Labour has called for Culture Secretary Jeremy Hunt to resign following claims that he backed News Corporation's bid to take over BSkyB and leaked inside information to the media giant.
The demand followed the release of a 163-page dossier detailing contacts between the Culture Secretary's office and senior News Corp executive Frederic Michel.
In a series of emails to James Murdoch and other executives, Mr Michel - then the company's director of public affairs in Europe - reported on Mr Hunt's thoughts about the progress of the controversial takeover plans, which were dropped in July last year amid the furore over phone-hacking at the News Corp-owned News of the World.
In one message Mr Michel detailed what the Culture Secretary would say to Parliament the next day, noting that it was "absolutely illegal" for him to obtain the information.
Another email, dating from January last year, reported Mr Hunt's belief that it would be "game over" for opponents of the BSkyB takeover once plans to spin off Sky News into a separately listed company were publicly announced. "He said we would get there at the end, and he shared our objectives," Mr Michel noted.
Although many of the emails refer directly to Mr Michel having spoken to "JH", he told the inquiry that in fact this was shorthand for contacts with the Culture Secretary's office - usually his special adviser Adam Smith.
Raising a point of order in the Commons, deputy Labour leader and shadow culture secretary Harriet Harman said Mr Hunt's conduct had fallen "woefully short" of the standard expected. She called on him to apologise to the Commons and resign from David Cameron's Cabinet.

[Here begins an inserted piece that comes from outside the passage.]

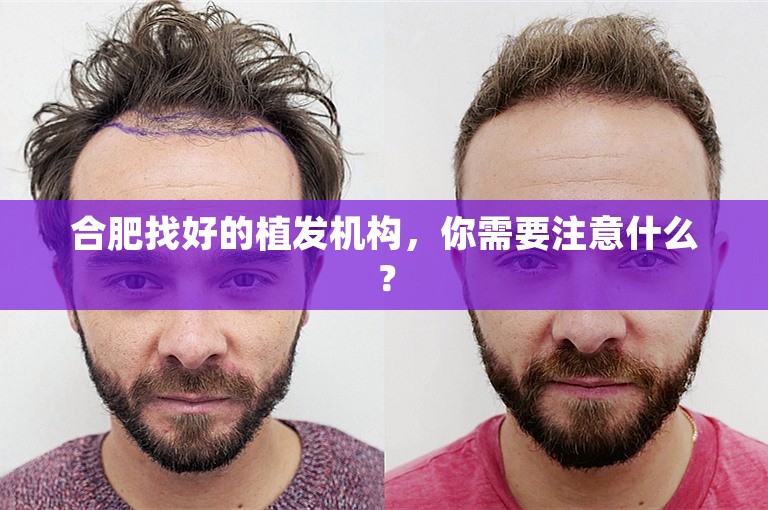 合肥找好的植发机构，你需要注意什么？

"In view of the evidence that has been adduced before the Leveson Inquiry today it appears that the Secretary of State has fallen woefully short of the standards expected by his office and by the public interest," Ms Harman told MPs. "I believe, on a point of order, that the right thing for the Secretary of State to do would be to come to this House to offer an apology and to tender his resignation."
But Downing Street insisted that the Culture Secretary still had the Prime Minister's full confidence. And an aide to Mr Hunt said that he "feels completely confident that he followed the proper process" and did not intend to voluntarily make a statement to MPs.
Instead he would respond to all of the points raised at the hearing when he gives evidence himself to the Leveson Inquiry "in a few weeks' time".